Any help would be really appreciated! Also, I looked for a label for this post and couldn't find it, sorry for not following the format. I hope that I described the problem correctly.

kpalmer7113 commented 3 years ago

@sjone128 The downtown$yearbuilt vector has NA values so there are probably commercial properties without data on the year they were built which is giving you the NA result. I added , na.rm = TRUE after 1980 argument to remove the NA's and get the proportion. Your code also excludes commercial properties that were built in 1980. I used >= to include properties built in 1980 and after. Hope this helps!

jamisoncrawford commented 3 years ago

@kpalmer7113 thanks for jumping in to help!
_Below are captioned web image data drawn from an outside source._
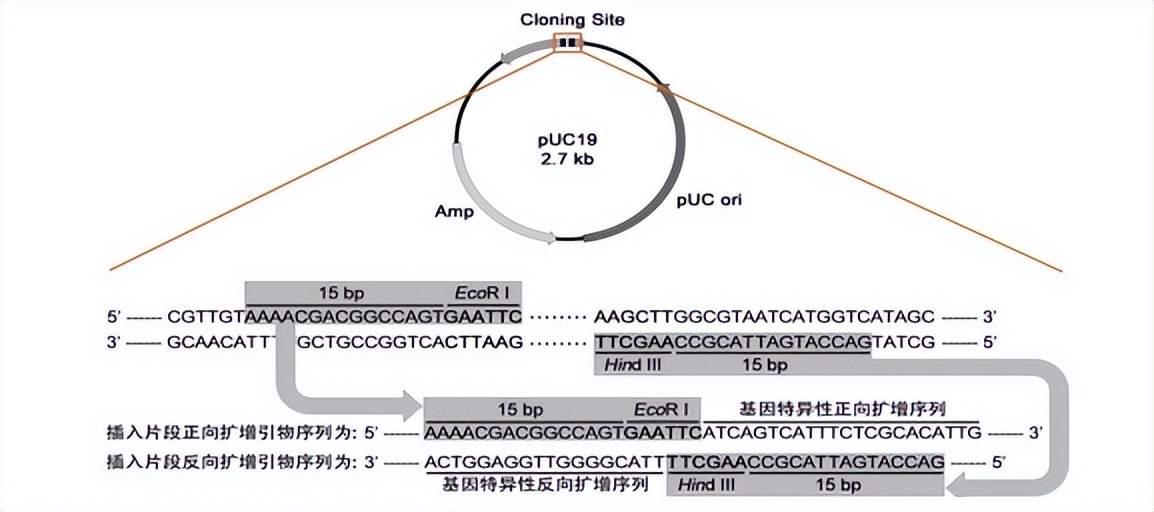 罗非鱼感染嗜水气单胞菌怎样治疗,罗非鱼病毒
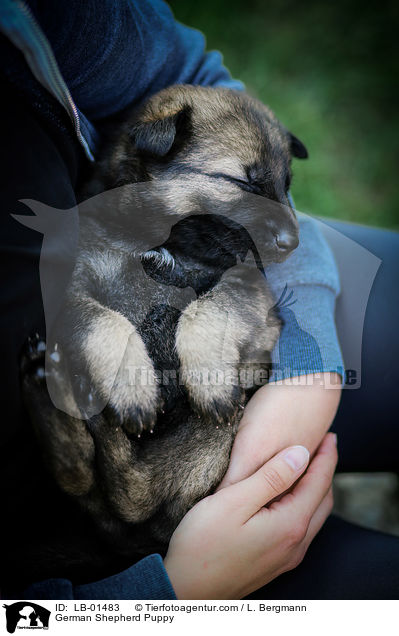 Deutscher Schferhund Welpe / German Shepherd Puppy / LB-01483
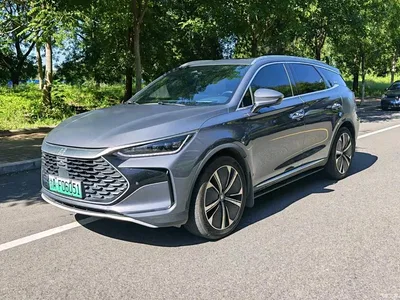 2022 BYD Tang New Energy DM-p 215KM AWD Executive, фото 1, лот 10376269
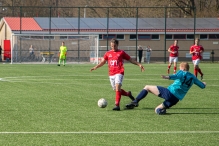 BAS 1 - Hulshorst 1 (2/2)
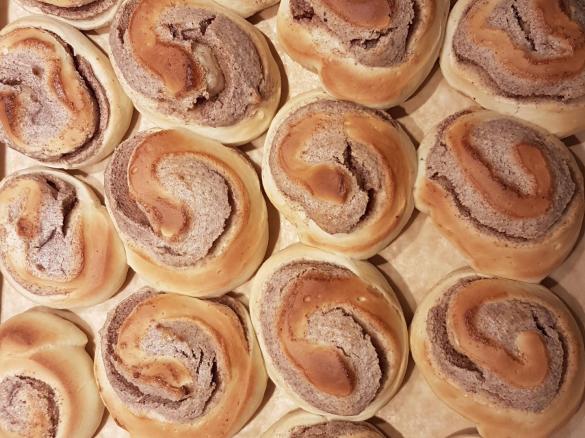 Nussschnecken mit Suchtfaktor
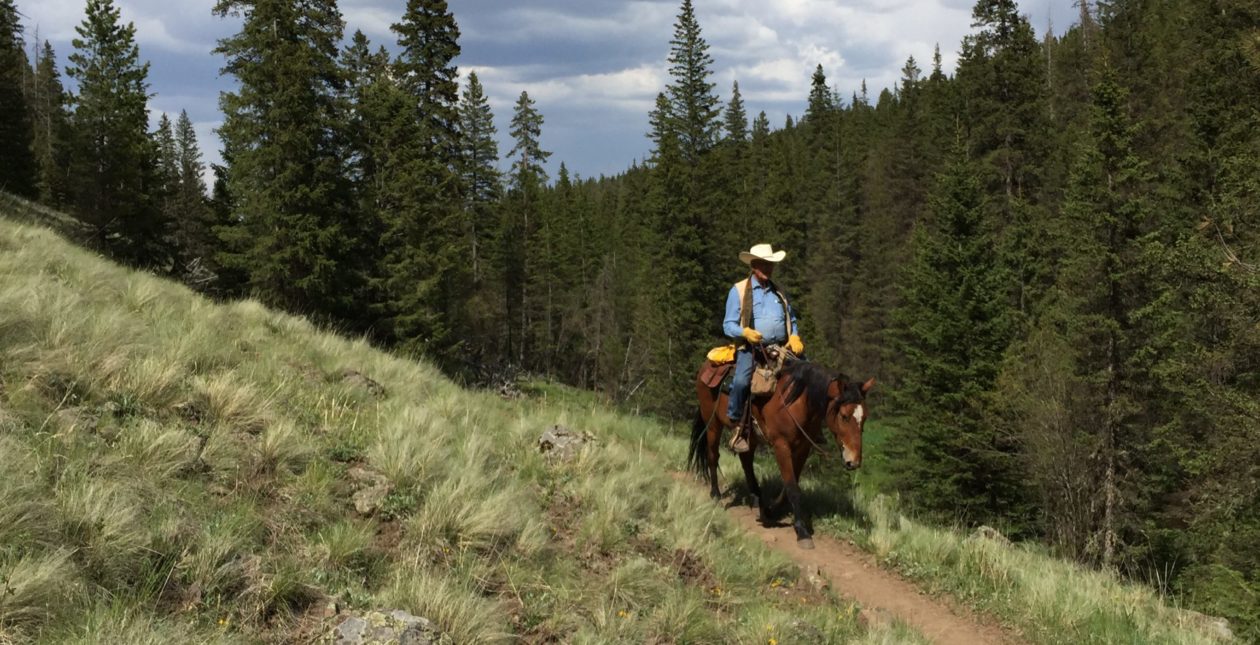 Western Trail Rider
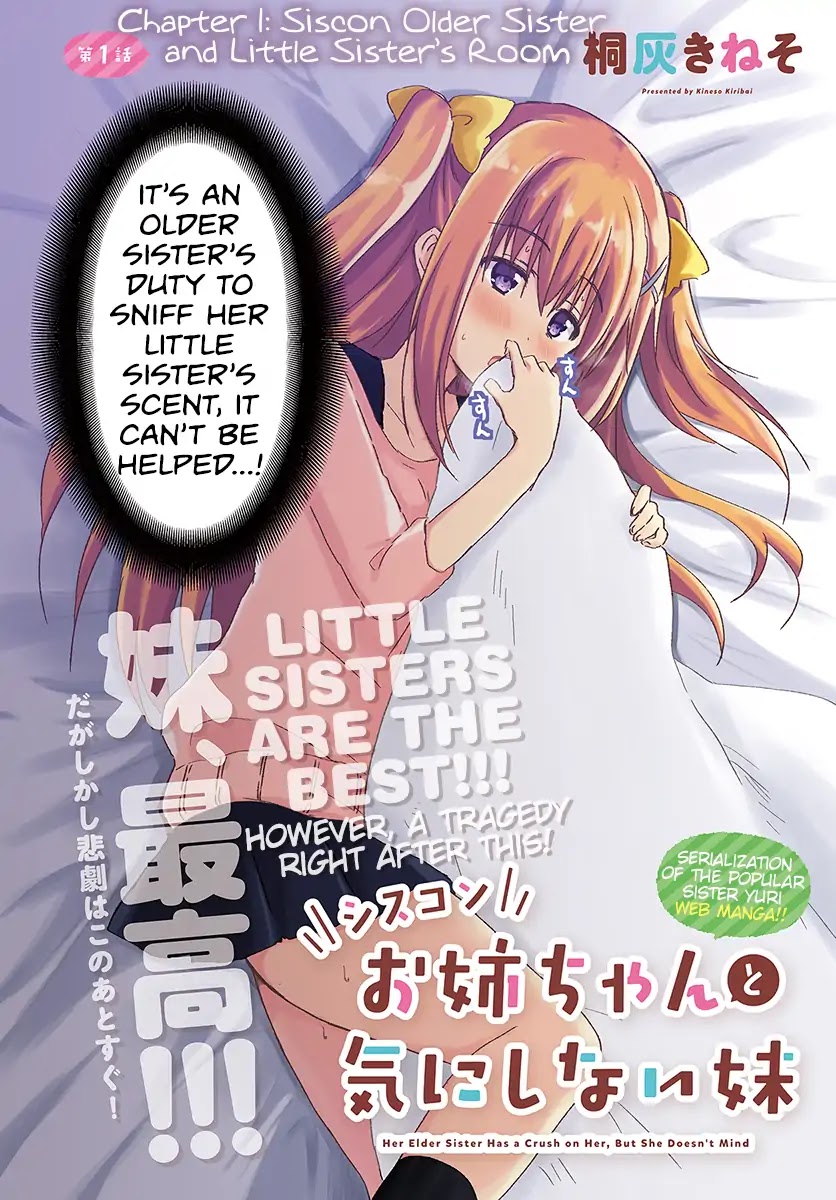 Her Elder Sister Has a Crush on Her, But She Doesn't Mind Chapter 1 page 3 - Chapter 1: Siscon Older Sister and Little Sister's Room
Top advice! 🔥

@sjone128 this particular problem is addressed in issue #2 and you may find that helpful as you may want to approach this issue differently.

It's absolutely correct that calling function mean() when NA values exist will result in an NA unless using na.rm = TRUE as an argument in mean().

Lastly, while it still works because R will "coerce" 1980 into a numeric value (because you use relational operators like > and ==), putting it in quotes will first tell R that it is a character string (a different class entirely!). Just a heads up!

jamisoncrawford commented 3 years ago

@sjone128 please let us know if you crack this!

sjone128 commented 3 years ago

@kpalmer7113 @jamisoncrawford Brilliant advice, thank you both so much! Incorporating both pieces of advice I was able to crack it on my lunch break! What a relief. I also went back to look at the other questions asking for proportions and reworked them to create a subset.

lecy commented 3 years ago

Fun fact: logical comparisons with strings (characters) performs alphabetization instead of determination of magnitude.

When you alphabetize things, something is greater if it occurs later in the alphabet. Thus you get these weird behaviors if you are not paying attention to data types:

5 > 100
[1] FALSE
"5" > "100"
[1] TRUE
jamisoncrawford commented 3 years ago

I was getting some interesting behavior with NULL values today @lecy - good reminder that R treats things in very unexpected (but ultimately sensible ways!).